TOKYO: Japan’s central bank on Tuesday pushed back its timeline for reaching a high-profile inflation target, in the latest acknowledgement that Tokyo’s war on deflation is falling way below expectations. After a policy meeting, the Bank of Japan said it now expected prices to move “toward” 2.0 percent by March 2019, the latest in a series of delays.
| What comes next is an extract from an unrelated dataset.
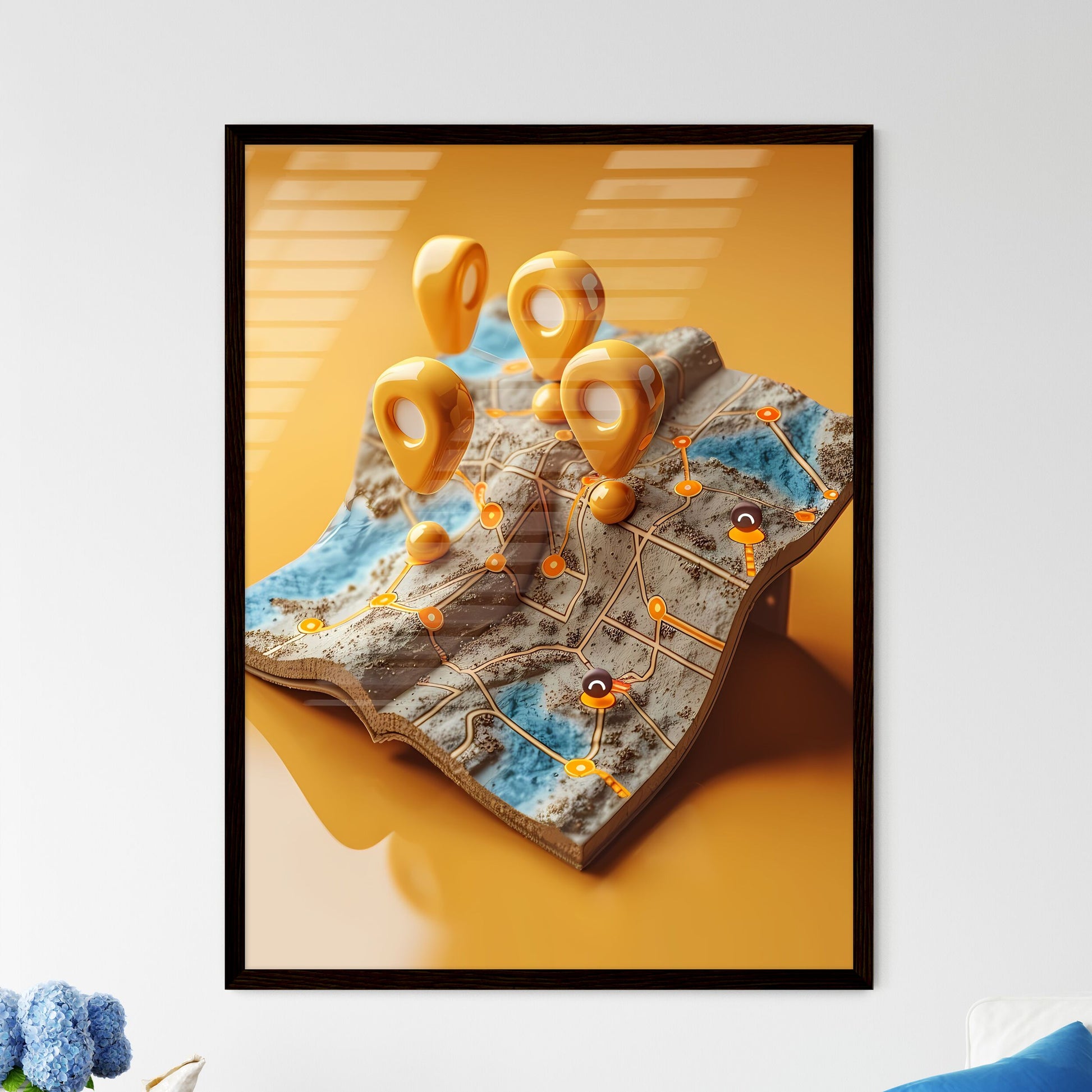 High-Quality 3D Emoji-Style Roadmap Art with - Framed Art Print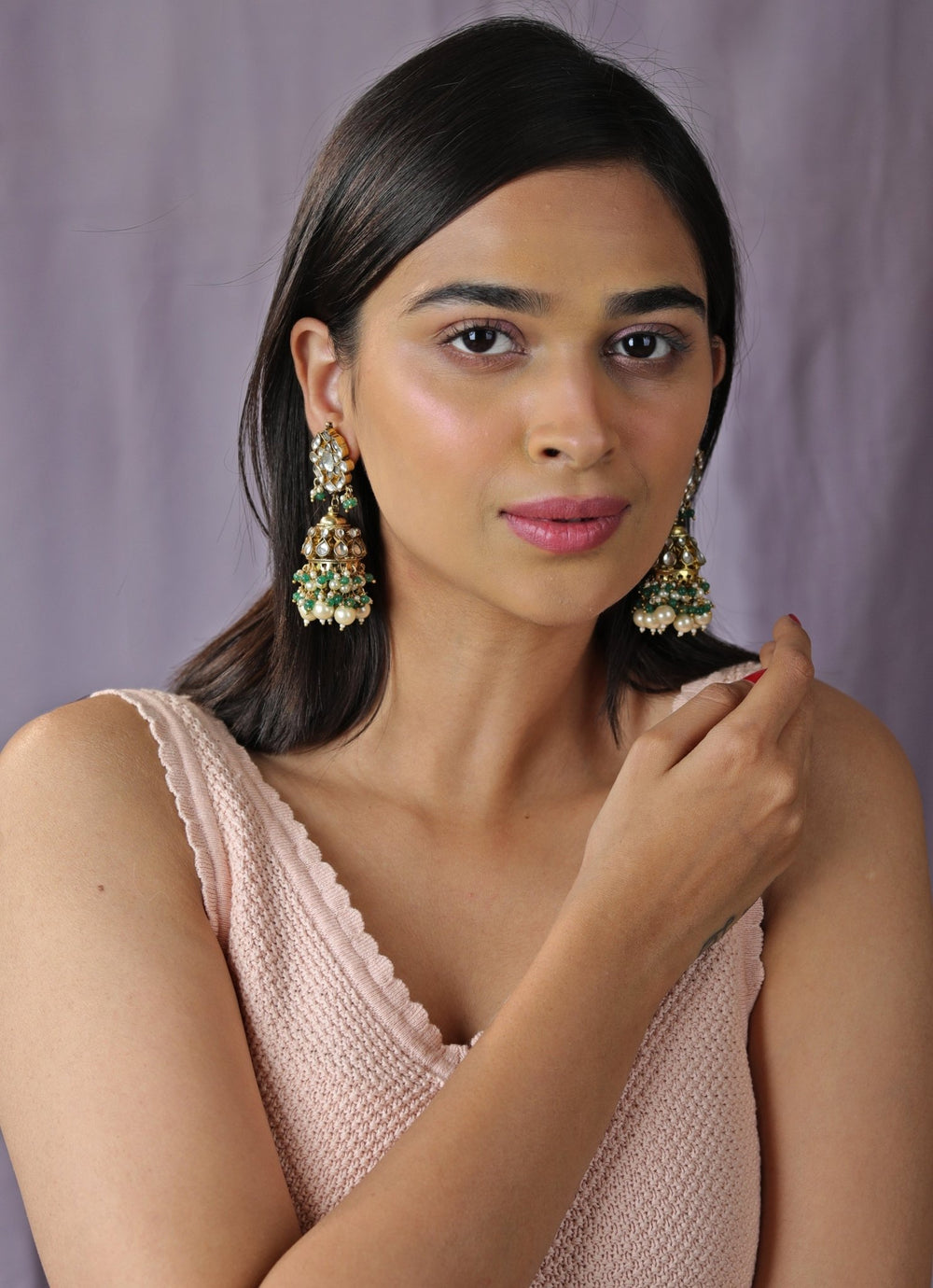 White and Green Stone Jadau Choker Set Riana by Shikha Jindal - Fabilicious Fashion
The new timeline is four years beyond an original April 2015 target pledged by BoJ governor Haruhiko Kuroda, whose term ends in April 2018. Policymakers trimmed their consumer price forecast for the current fiscal year to March 2017 and the subsequent two years.
“Risks to both economic activity and prices are skewed to the downside,” the bank said in a post-meeting statement. “On the price front, the momentum toward achieving the price stability target of 2.0 percent seems to be maintained, but is somewhat weaker than the previous outlook, and thus developments in prices warrant careful attention going forward.”
The bank did not alter monetary policy Tuesday, including its massive asset-purchase program worth around 80 trillion yen ($763 billion) annually. It also left unchanged a negative interest rate policy designed to spur lending and growth in the world’s number three economy. “However, policymakers are showing concern about the sharp moderation in price pressures, and we still expect further stimulus in coming months,” Marcel Thieliant from research house Capital Economics said in a commentary after the BoJ decision.
The bank’s inflation goal is a cornerstone of Prime Minister Shinzo Abe’s growth blitz, dubbed Abenomics, which was unveiled to much fanfare in early 2013. The program sharply weakened the yen — fattening corporate profits — and set off a stock market rally that spurred hopes for the laggard economy. But more than three years on, Japan is still posting wobbly growth and inflation is nowhere near the BoJ’s target.